GE2020: Tan Cheng Bock to lead PSP team in West Coast GRC, Lee Hsien Yang not among candidates for now
SINGAPORE — The Progress Singapore Party (PSP) announced on Friday (June 26) its line-up of General Election (GE) candidates for all the nine constituencies it will be contesting, with party chief Tan Cheng Bock leading a team in West Coast Group Representation Constituency (GRC).
SINGAPORE — The Progress Singapore Party (PSP) announced on Friday (June 26) its line-up of 24 General Election (GE) candidates for all the nine constituencies it will be contesting, with party chief Tan Cheng Bock leading a team in West Coast Group Representation Constituency (GRC).
Mr Lee Hsien Yang, who was formally inducted into the party on Wednesday and is the brother of Prime Minister Lee Hsien Loong, was not named among them.
TODAY asked Dr Tan about Mr Lee’s exclusion in the candidate line-up.
Dr Tan would only say that the list was complete, but added: “But let me remind you, in politics, change can happen. Candidates can be switched all around, you know. So you will just have to wait and see.
“You can speculate as you do now, very good. But always remember what I say — the confirmation comes from me.”

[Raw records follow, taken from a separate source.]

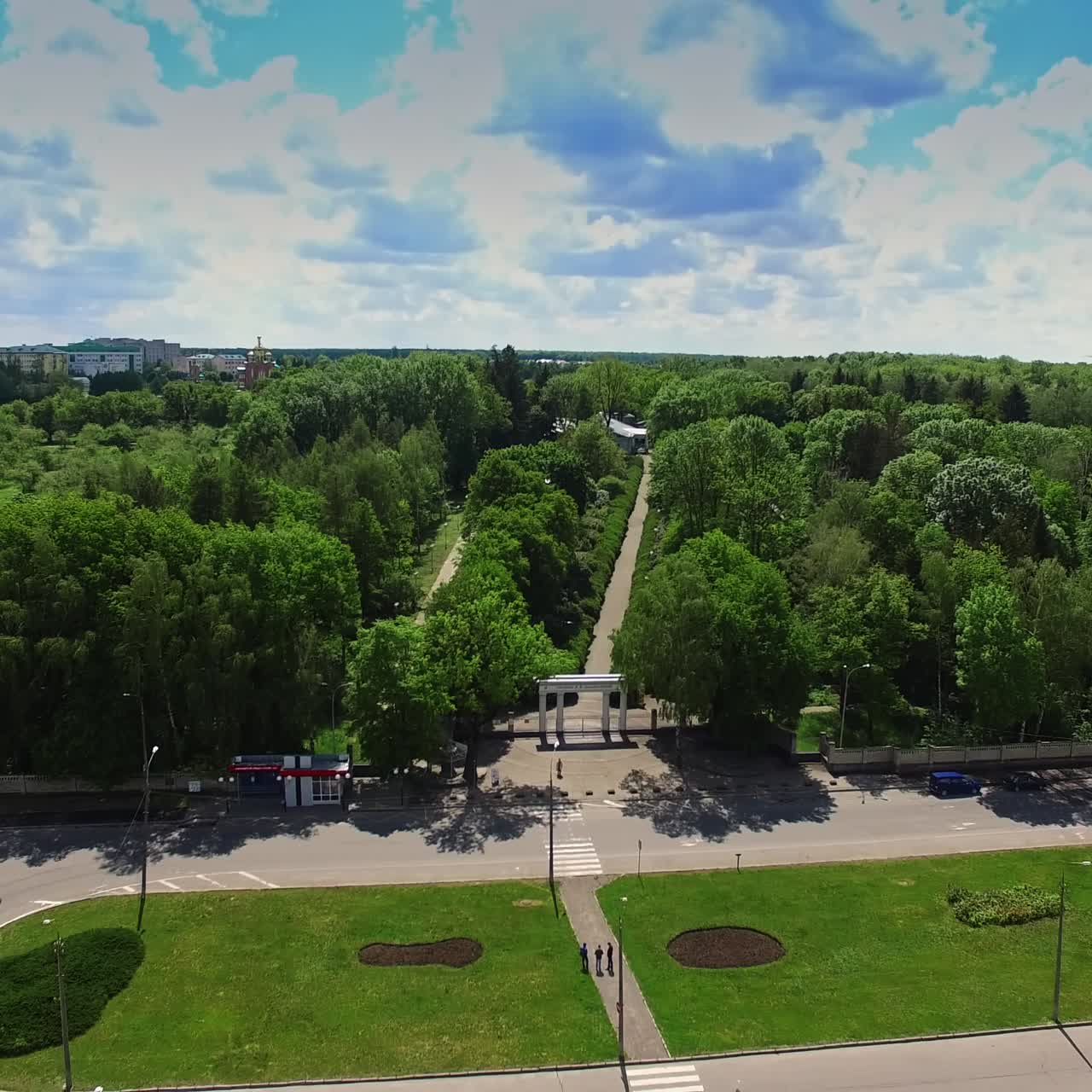Entrance of the green city park with long road in the middle. Drone footage rising over the crossroads on sunny day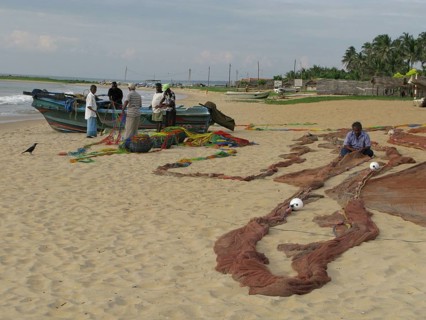 Repairing fishing nets on Negombo beach Sri Lanka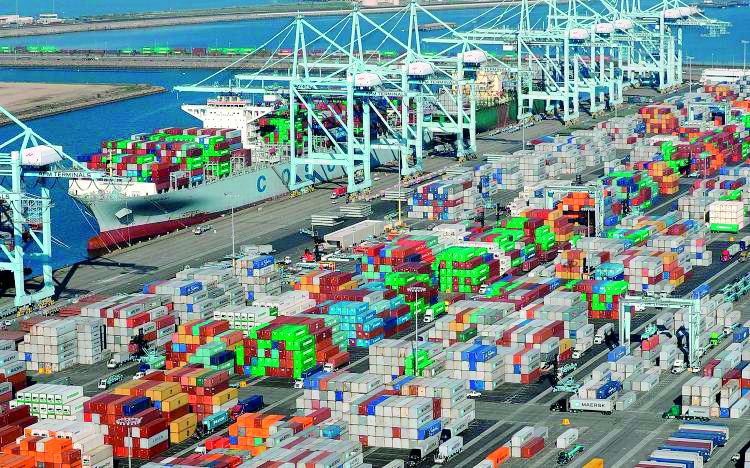 Shipping containers sit at the ports of Los Angeles and Long Beach, California.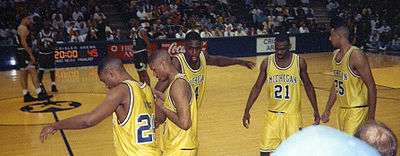 five Black males in gold athletic uniforms in the foreground on the sidelines of an athletic court while a few opposing athletes in green wait in the middle of the court.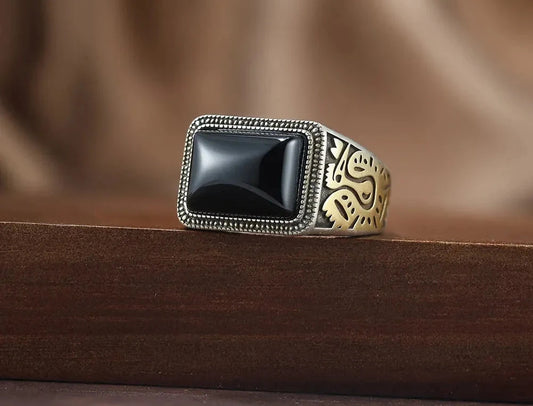Massiver Herrenring aus oxidiertem 925er Silber mit rechteckigem schwarzen Achat-Stein und goldenen Gravur-Details, platziert auf dunklem Holz.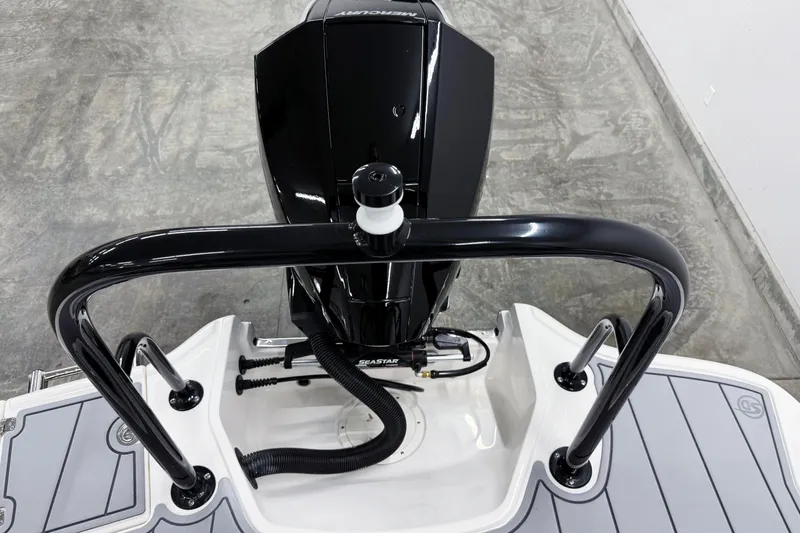 Slide: The Image of 2026 Chaparral 21 SSi OB boat engine and deck view. - 23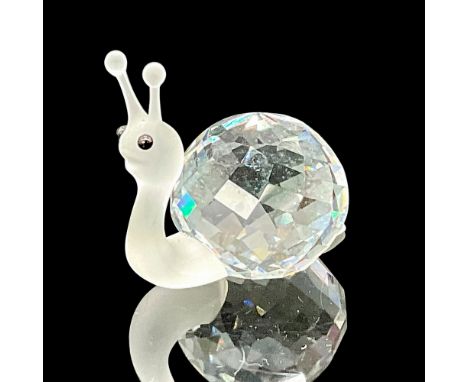 This Swarovski Silver Crystal snail comes with a clear faceted shell and a frosted head with black eyes. This item has its or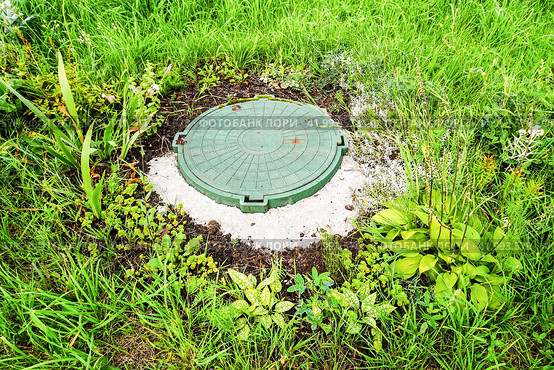 Covered sewer manhole with green plastic cover, sewage system. Sewerage networks. Sanitary sewer system manhole cover. Стоковое фото, фотограф FotograFF / Фотобанк Лори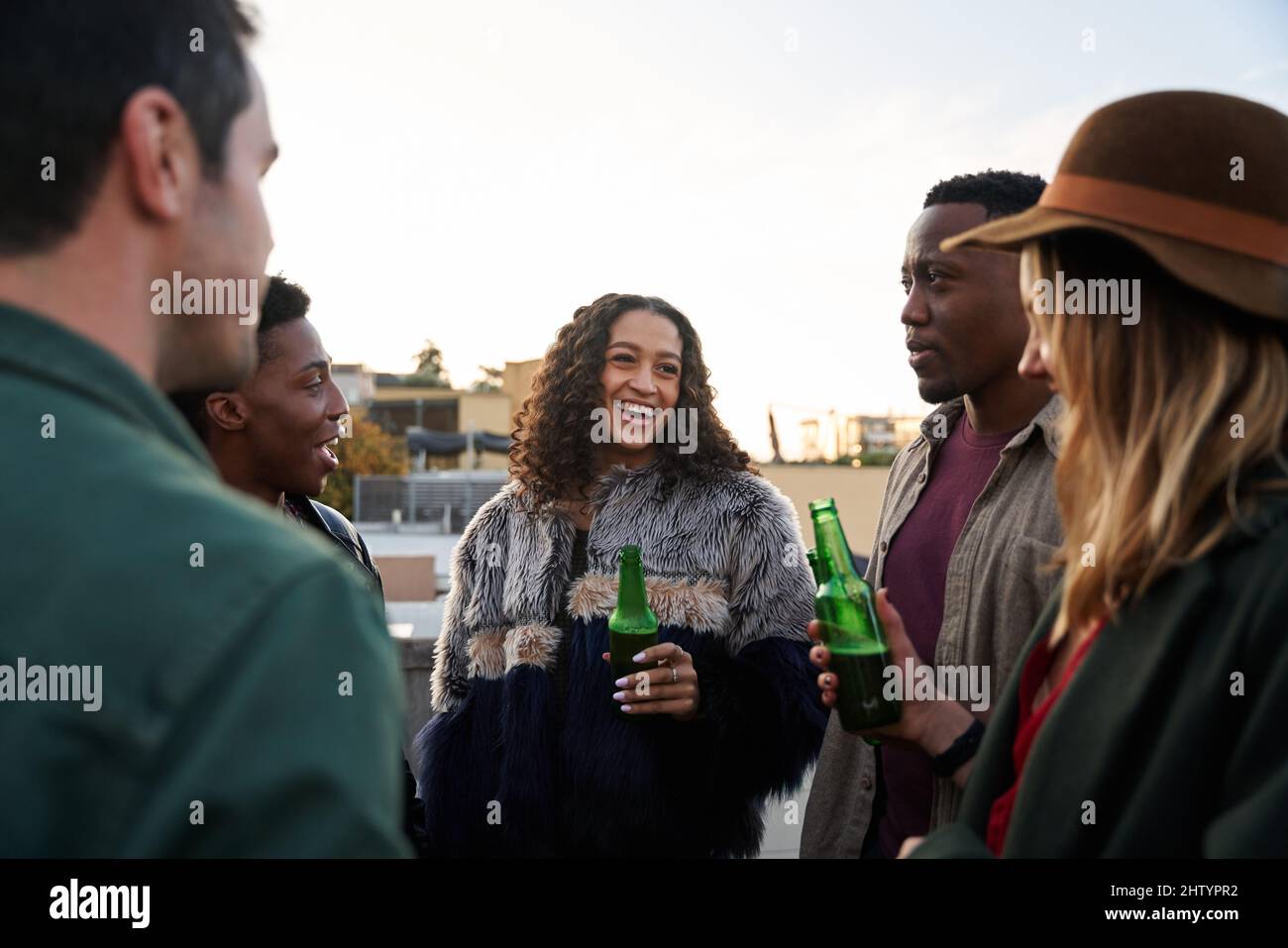 Gruppo multiculturale di giovani adulti sorridenti con bevande sul balcone di una terrazza panoramica della città. Foto Stock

The party said the candidates who will be fielded at the respective constituencies are:
West Coast GRC: Mr Leong Mun Wai, Ms Hazel Poa, Mr Jeffrey Khoo, Mr Nadarajah Loganathan, Dr Tan Cheng Bock
Tanjong Pagar GRC: Ms Wendy Low, Mr Harish Pillay, Mr Michael Chua, Mr Terence Soon, Mr Abas Kasmani
Chua Chu Kang GRC: Mr Francis Yuen, Dr Tan Meng Wah, Mr Abdul Rahman, Mr Choo Shaun Ming
Nee Soon GRC: Mr Bradley Bowyer, Mr Damien Tay, Ms Kala Manickam, Mr Sri Nallakaruppan, Mr Taufik Supan.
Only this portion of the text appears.